Flowers Blossoming in Fire

If we want to progress in sanctification, we have to be willing to take the heat.

The other day I was scrolling through my Facebook notifications when the On This Day feature sent me a photo of what I was doing this time last year: waiting to board a flight to Italy for an extravagant two-week Mediterranean cruise. I’m sandwiched between two friends, smiling a million-dollar smile, which is approximately how much it cost to go on this adventure.

Had the photo been taken 15 minutes earlier, it would have shown me on the terminal floor—sobbing, arms wrapped around my knees. Opposite me sat my friend Jess, listening as I relayed the latest details of a close relationship turned sour. It was only May, but 2016 had already been the hardest year of my life.


Eventually I got up off the floor, posed for the photo, and boarded the plane. I’m embarrassed to admit that I did not have the time of my life on that trip. Grief and anxiety escorted me from port to port like two prison guards while we roamed Greek islands and toured the Acropolis.

But Turkey was different. Like an impatient 3-year-old, joy tugged at me from the moment I saw the sun rise in Kusadasi. And as one does with relentless toddlers, I gave in. Our group met our tour guide Emre and spent the morning gallivanting around the ruins of Ephesus. After lunch, we headed to a local pottery shop for a demonstration.

Now, it’s no secret that God has a thing for pottery—if He were signing Himself up for summer camp, you know which arts and crafts class He would choose. Paul, Jeremiah, Isaiah, Job—it is apparently really important to God that we understand that He is the Potter and we are the clay.

And clay does not challenge the Potter—that’s Prophetic Pottery 101. But as soon as I took my seat for the demonstration, I just could not help myself. I dare You to teach me something I don’t already know. Oh, the arrogance that comes with growing up in church and hearing countless sermons on this very subject.

It was only May, but 2016 had already been the hardest year of my life.

I turned my attention to the white-haired man entering the room. He was tall and slim with a kind, weathered face that seemed full of wisdom and experience—the perfect narrator for my living parable. As he took his place behind the pottery wheel, I leaned forward, ready for his monologue of insight. Except he didn’t speak English.

Wordlessly, he rolled a mound between moist palms before smacking it down in the center of the wheel, bits of wet clay splattering his already crusty apron. Under those experienced hands, the mound became a cylinder, then a bowl, and finally a vase. Satisfied with his creation, the potter sliced it off the wheel. Our group applauded, and I smirked. Nothing to see here, God! Just your average Sunday school lessons on staying in the center of Your will and allowing You to shape me. I yawned for emphasis.

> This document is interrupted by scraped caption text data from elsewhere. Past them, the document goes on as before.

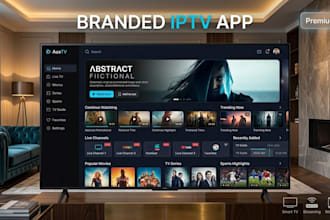 create a premium white label iptv app with your branding and custom features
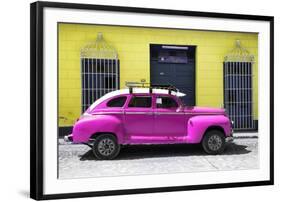 Cuba Fuerte Collection - Deep Pink Vintage Car-Philippe Hugonnard-Framed Photographic Print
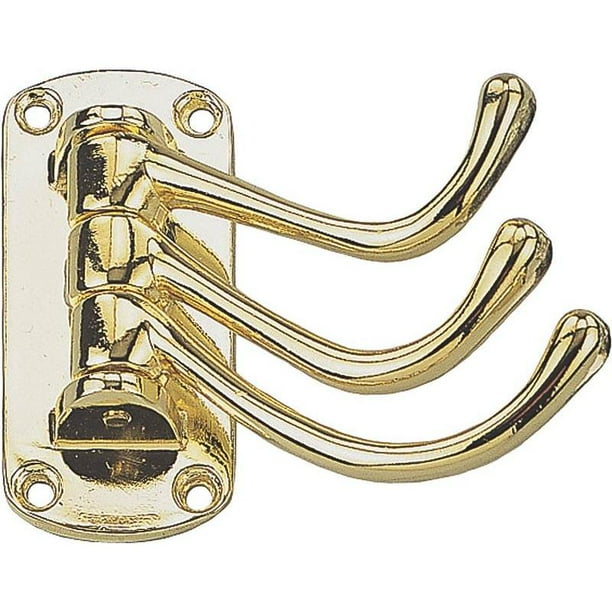 Coat/Hat Hook, Polished Brass Mintcraft Coat Hook H-024-PB ...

But the demonstration wasn’t over.

Our guide Emre explained that after being formed on the wheel and dried, the piece undergoes bisque firing. As the temperature of the kiln creeps up to a blazing, 1,730 degrees Fahrenheit, the brittle clay dehydrates, transforming into hard ceramic. Up until this point in the process, the clay could have been recycled and repurposed into another shape. But the conversion wrought by the fire is permanent.

The conversion wrought by fire is permanent.

Next, Emre held up a giant painted platter. Turquoise teardrops chased each other around the rim, and beneath them, ochre buds unfurled in a light blue sky crisscrossed with white contrails. My eyes traced every curve, lingering on the chaotic symmetry that seemed perpetually suspended between cacophony and euphony.

I was mesmerized. Emre explained that artists can take several days to finish painting one piece because the designs are so intricate they must rest every 15 minutes or risk their hands cramping.

Once that paint dries, the piece is dipped in a quartz glaze. It emerges from the vat a matte white, all of the painter’s painstaking handiwork obscured by the opaque glaze. If you hadn’t seen the piece before this baptism, you would think it had never been painted. Unbidden, grief over this loss surprised me. What was the point of all the effort?

When Emre told us that after the glaze dries, the piece must enter the kiln again, my grief erupted into indignation. It’s already faced the fire—how is this fair?

But once again in the kiln, the quartz glaze vitrifies, transforming from a dull shroud to lustrous glass, revealing and sealing the underlying paint. According to Emre, the stress of the heat produces something nothing else could: maturity.

Truth frees us to surrender to the process and trust the Potter to finish what He began on the wheel.

Stunned and humbled, I reviewed my life. What if the crises plaguing me weren’t a result of my failures? What if they were simply part of the process? I’d been familiar with the language we Christians use to talk about sanctification, but I never expected refining to feel so like destruction. Maybe this is what “beauty for ashes” actually looks like in practice. And we won’t have ashes to trade without first going through fire.

We spent one more day in Turkey before heading to Italy. I’d like to say that this new perspective dissolved all my pain, but it didn’t. Truth doesn’t numb us; it frees us—to surrender to the process and trust the Potter to finish what He began on the wheel. And at least for me, that journey, while longer and more difficult than anticipated, is worth it.

A deep turquoise mug from that pottery shop sits on my desk at work. On its surface delicate blooms intertwine with winding vines, their contours punctuated by raised patterns of swirls and paisleys. These floral patterns are traditional in Turkish pottery, where in some parts of the country they call the ceramic craft “the art of flowers blossoming in fire.” Every time I drink from it, I rub my thumb over the warm Braille of its surface, and I remember. Sometimes moving forward looks like taking a giant step backward, and some beauty can be revealed only by fire.